Fauna grows up more or less comfortably in Sparks, on the sandy outskirts of Reno, Nevada, until one day she makes a discovery that leads her to question everything. As she begins to examine the mysteries of her origins, she encounters Jay Singletary (Chris Pine), a disgraced investigative reporter, haunted by the case that ruined him. Together they follow a sinister trail that swirls ever closer to a notorious physician, gynecologist Dr. George Hodel (Jefferson Mays), a man involved in some of Hollywood's darkest debauchery, and likely, its most abominable unsolved crime.
I Am the Night, written by Sam Sheridan, was inspired by Fauna Hodel’s autobiography, One Day She'll Darken.
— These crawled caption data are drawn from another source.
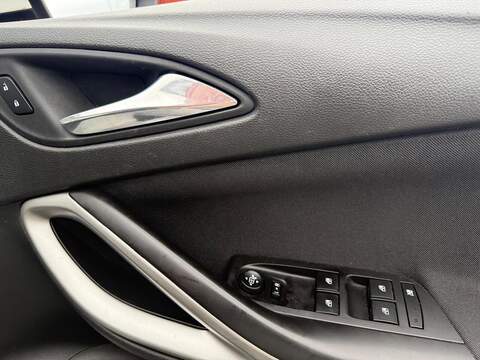 Vauxhall Astra 1.0i Turbo ecoTEC Design Hatchback 5dr Petrol Manual Euro 6 (s/s) (105 ps) - U517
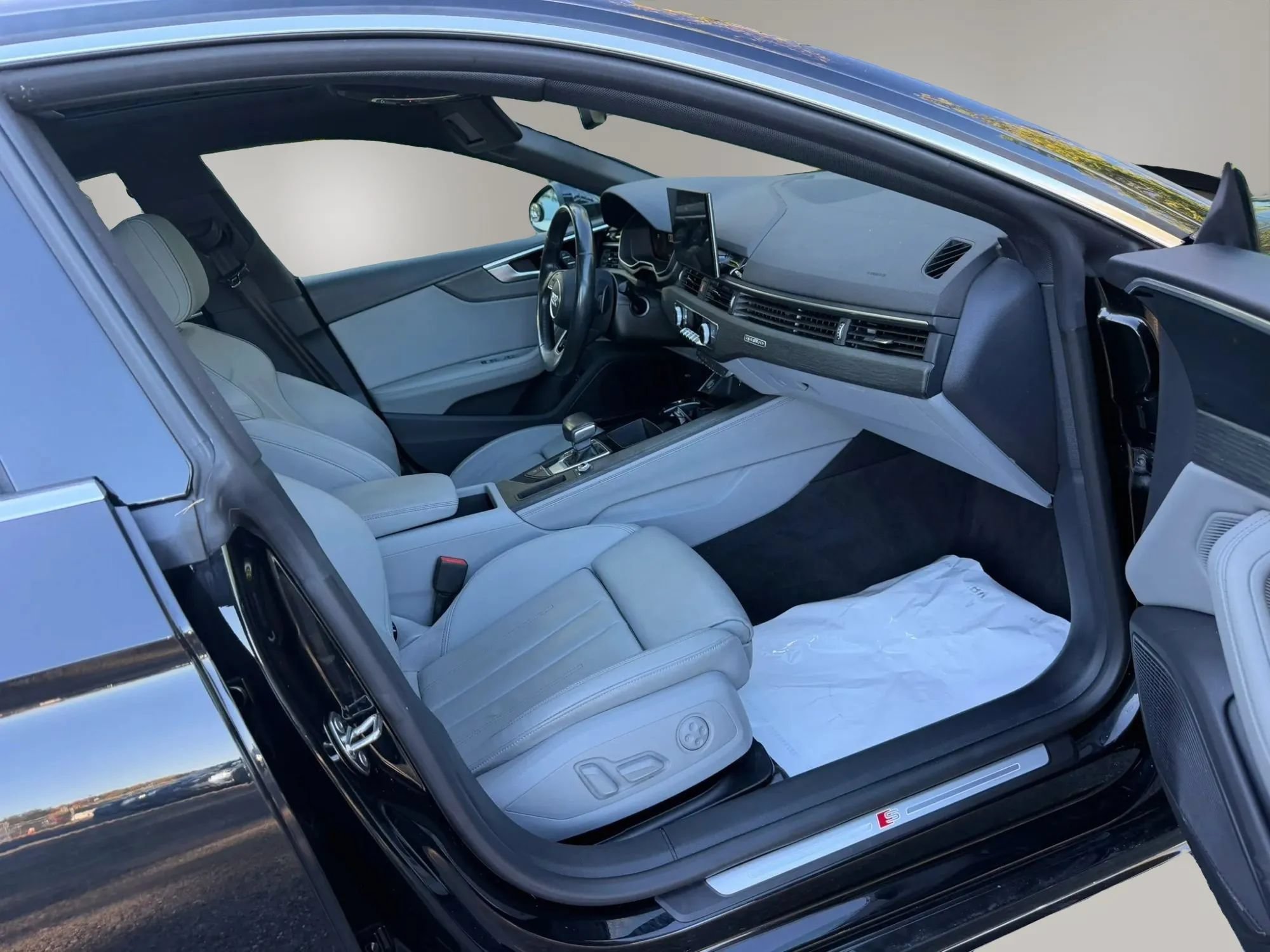 Used 2022 Audi A5 2.0T Premium Plus AWD/4WD image 27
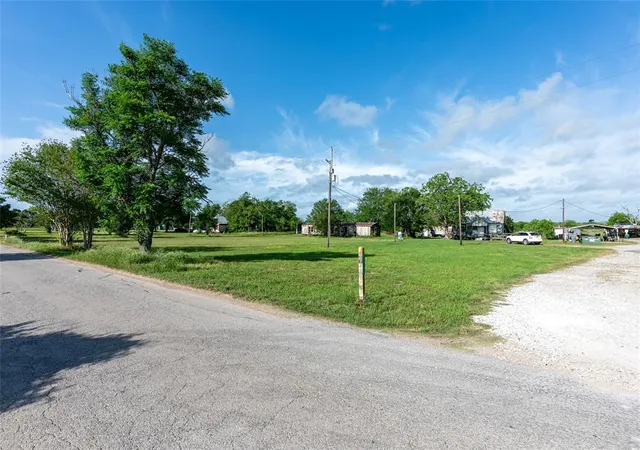 Photo 2 of Land for sale at 6936 Love Rd, Fulshear, TX 77441 | MLS# 47606058 | Listing updated on 2026-09-17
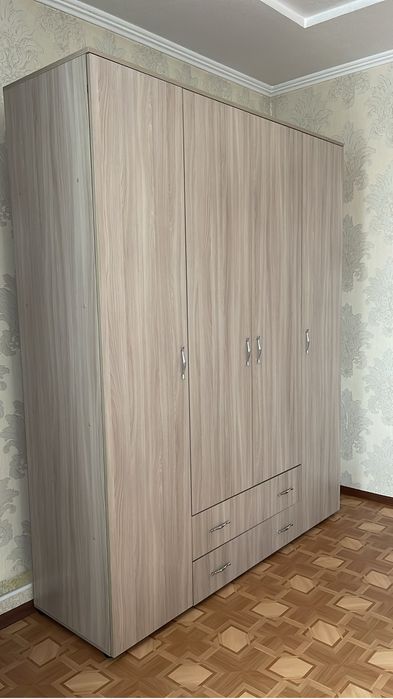 Шкаф в отличном состоянии
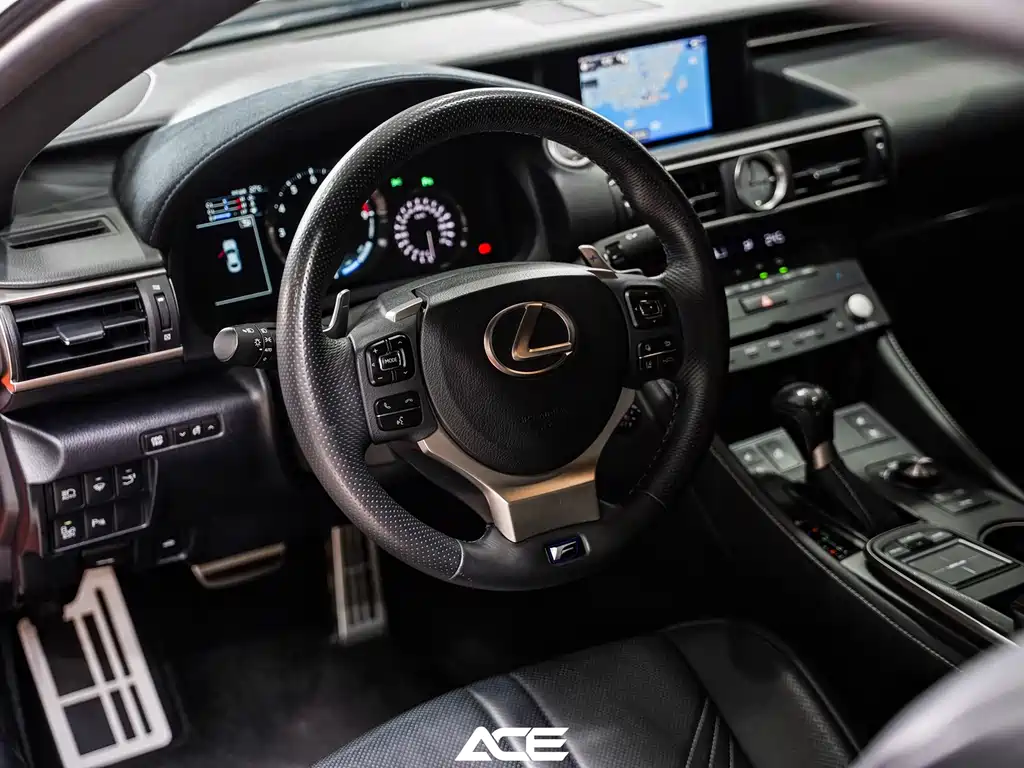 Lexus RC F 2016 F 5.0L carbon fiber version купить на сайте DeffCars
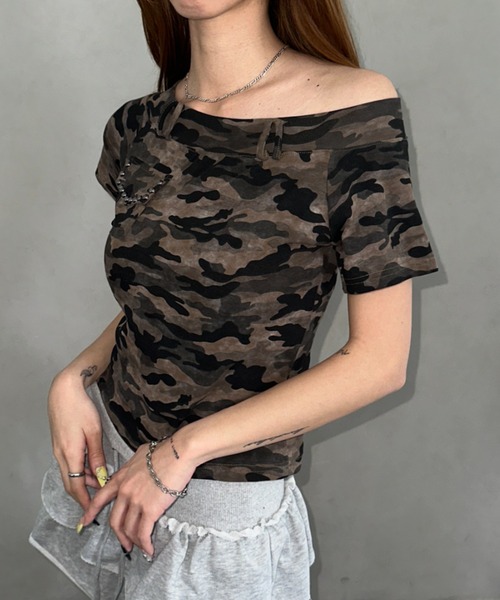 Bamm(バム)の「アウトポケットオフショルカモフラトップス(Tシャツ/カットソー・レディース・グレー/カモフラージュ・FREE)」の11枚目の写真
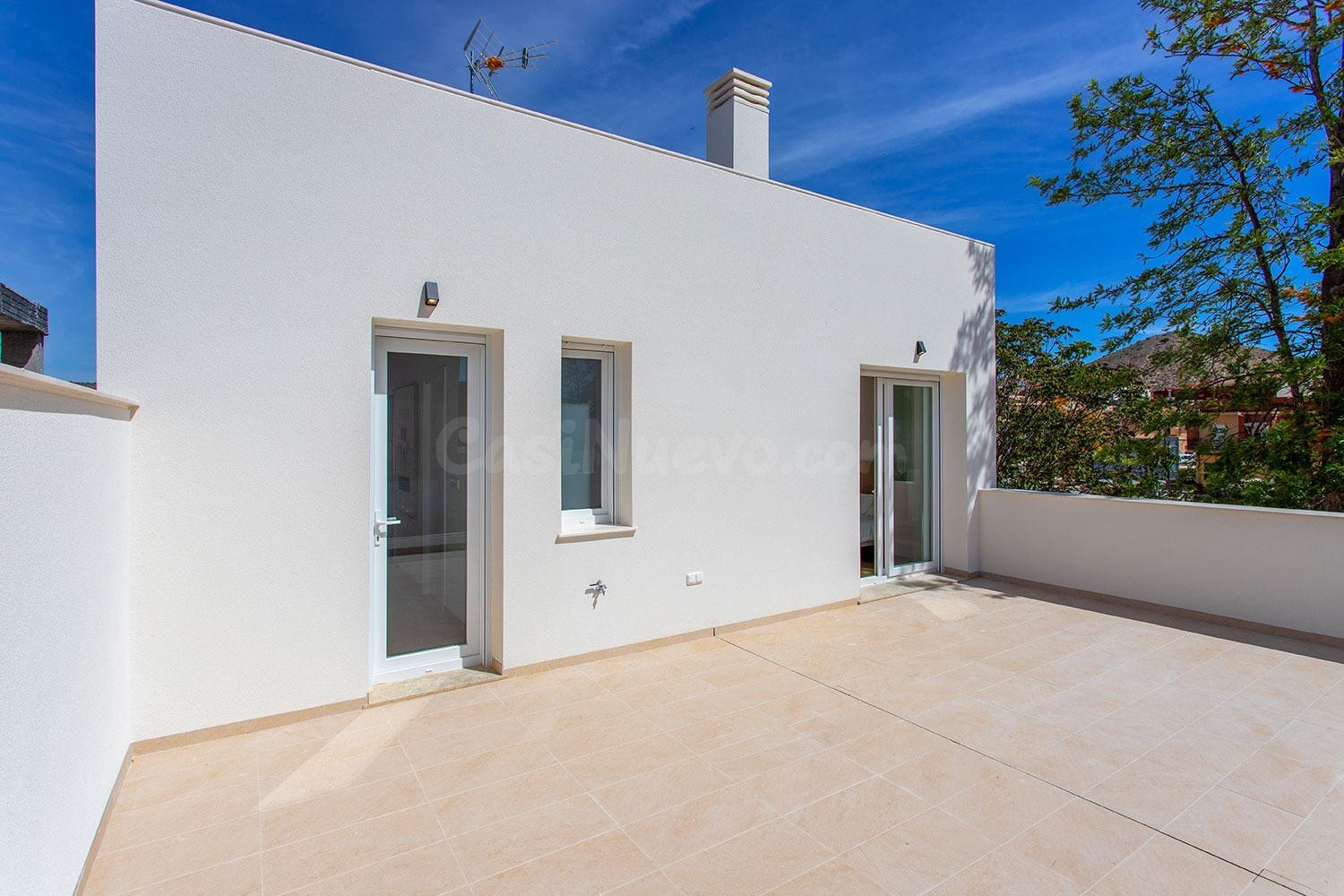 Villa de obra nueva en Hondón de las Nieves – Diseño moderno - foto 2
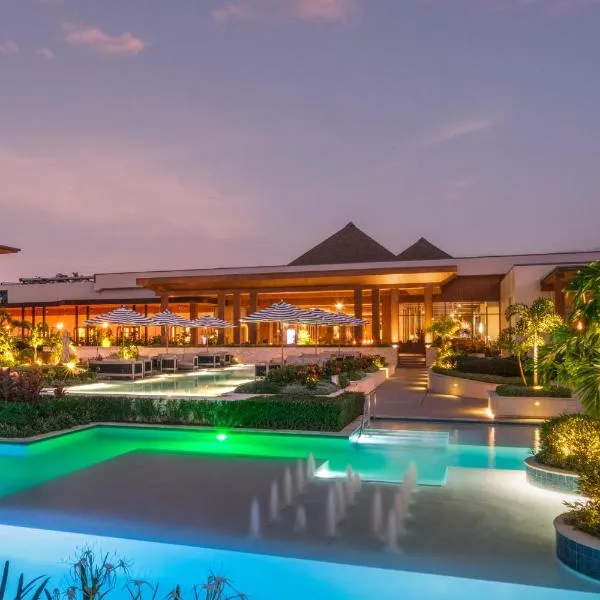 Crowne Plaza Fiji Nadi Bay Resort & Spa by IHG，位于南迪的酒店
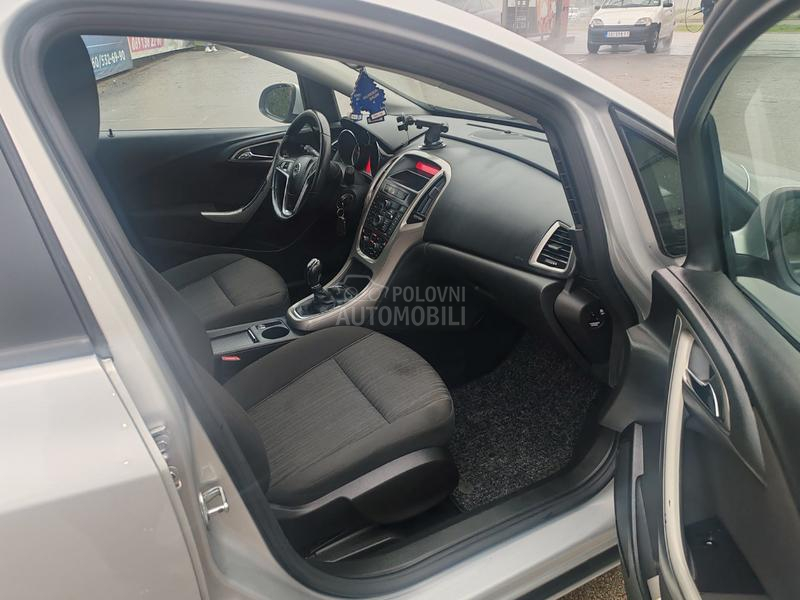 Opel Astra J 1.7 CDTI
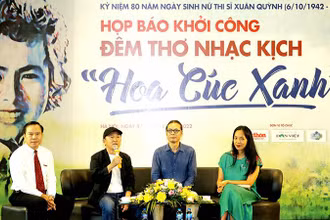 Đại diện Ban tổ chức và ekip sáng tạo chia sẻ về chương trình.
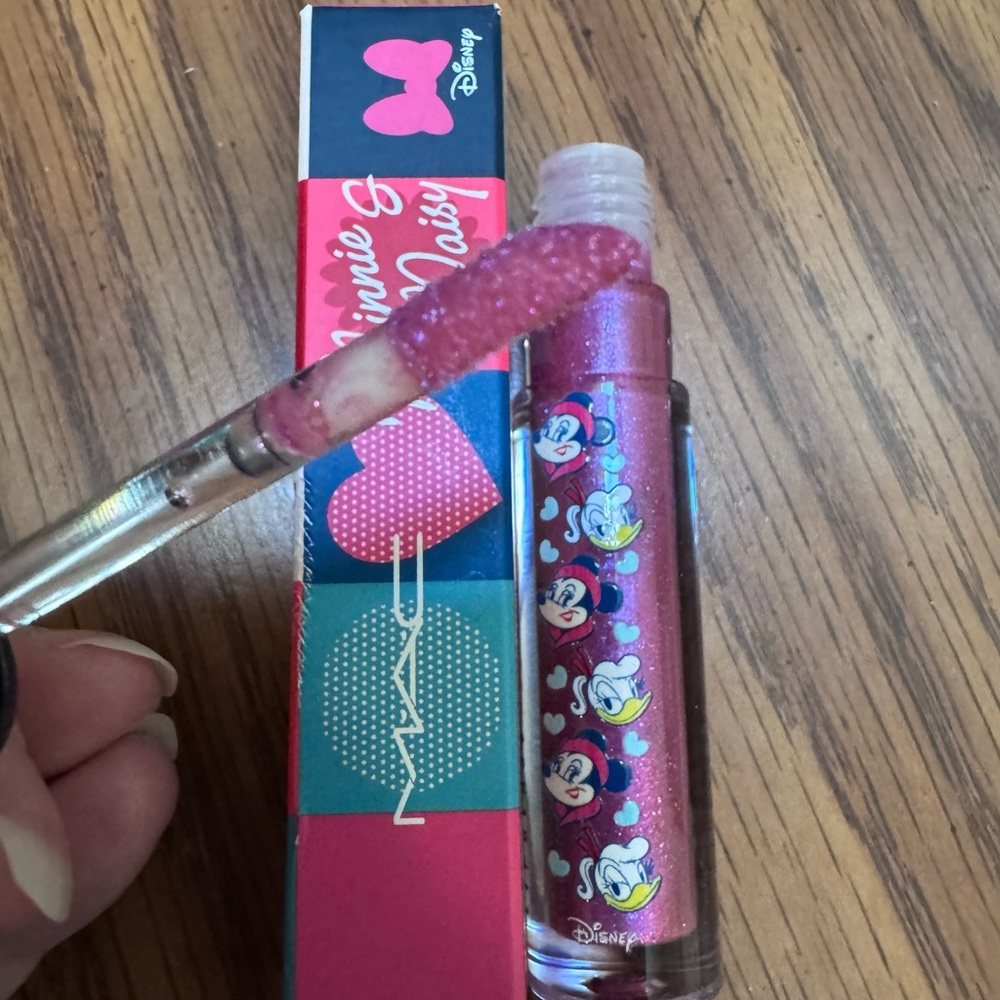MAC x Disney Minnie & Daisy “Polka Dot”Lipgloss - Picture 6 of 7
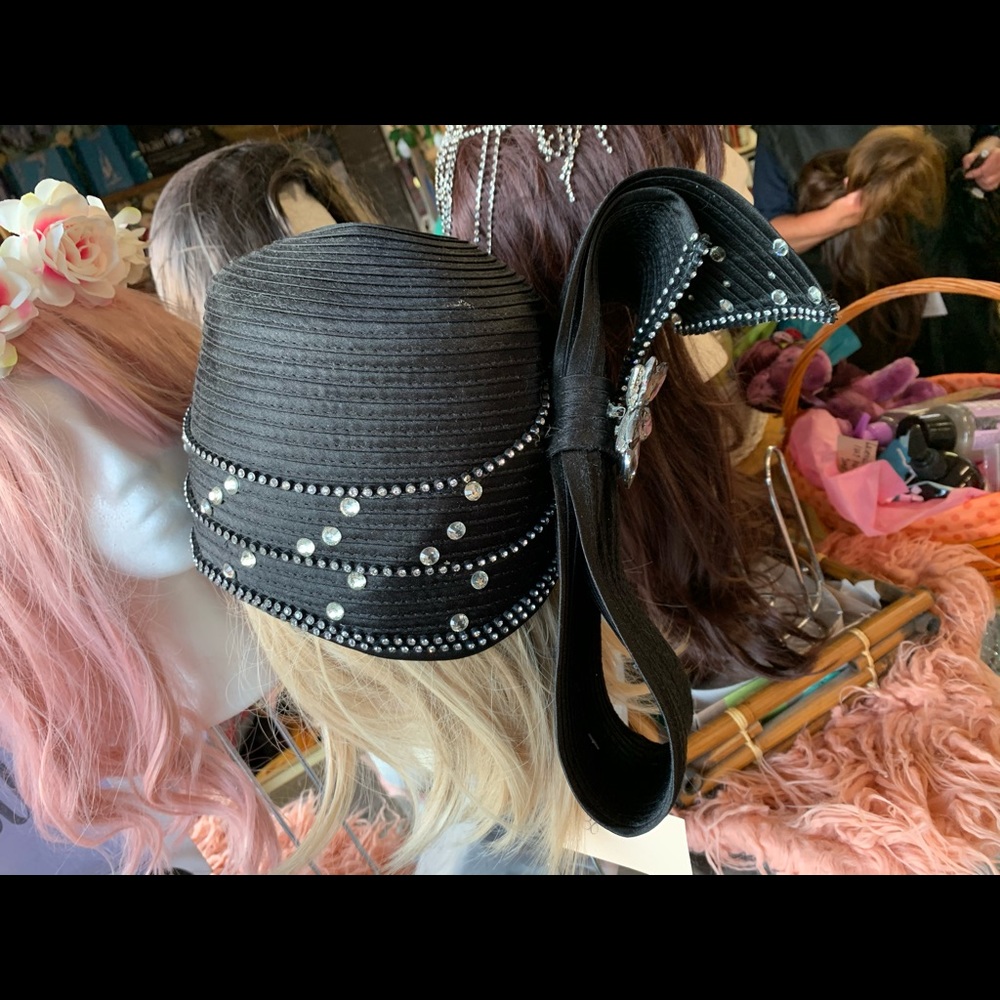 Black elegant hat - Picture 6 of 7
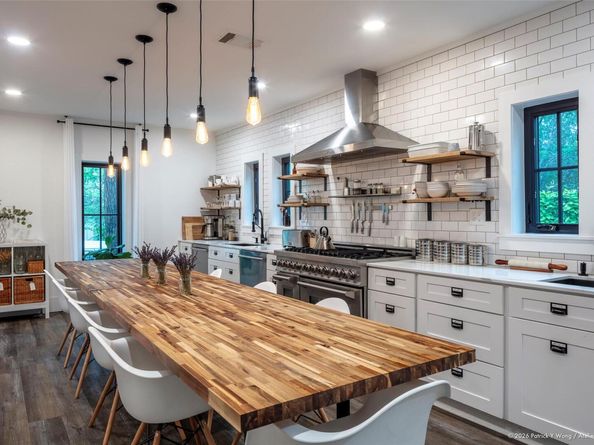 303 Navasota ST, Austin TX 78702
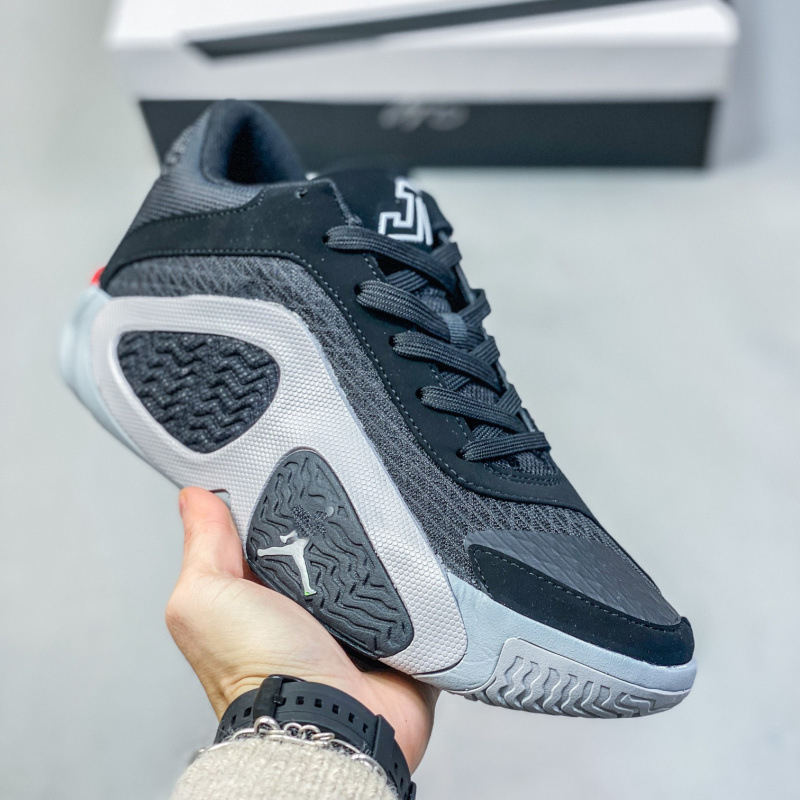 Putian Tatum 2 Men's Practical Basketball Shoes Jordan Tatum Signature Sneakers with Air Cushion and Breathable Sports Shoes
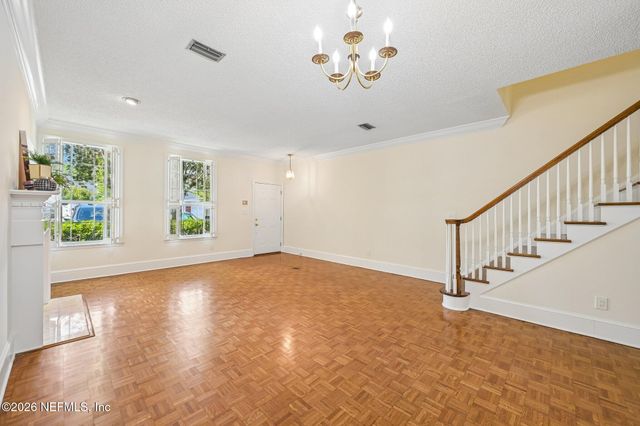 5303 ORTEGA Boulevard 103, Jacksonville, FL 32210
The first two episodes, which established the show’s overall noir-esque look and feel, were directed by Patty Jenkins, with cinematographer Matthew Jensen ASC. Episodes three and four were directed by Victoria Mahoney, working with DP Trevor Forrest, with the concluding pair of shows helmed by Carl Franklin collaborating with DP Michael McDonough BSC ASC.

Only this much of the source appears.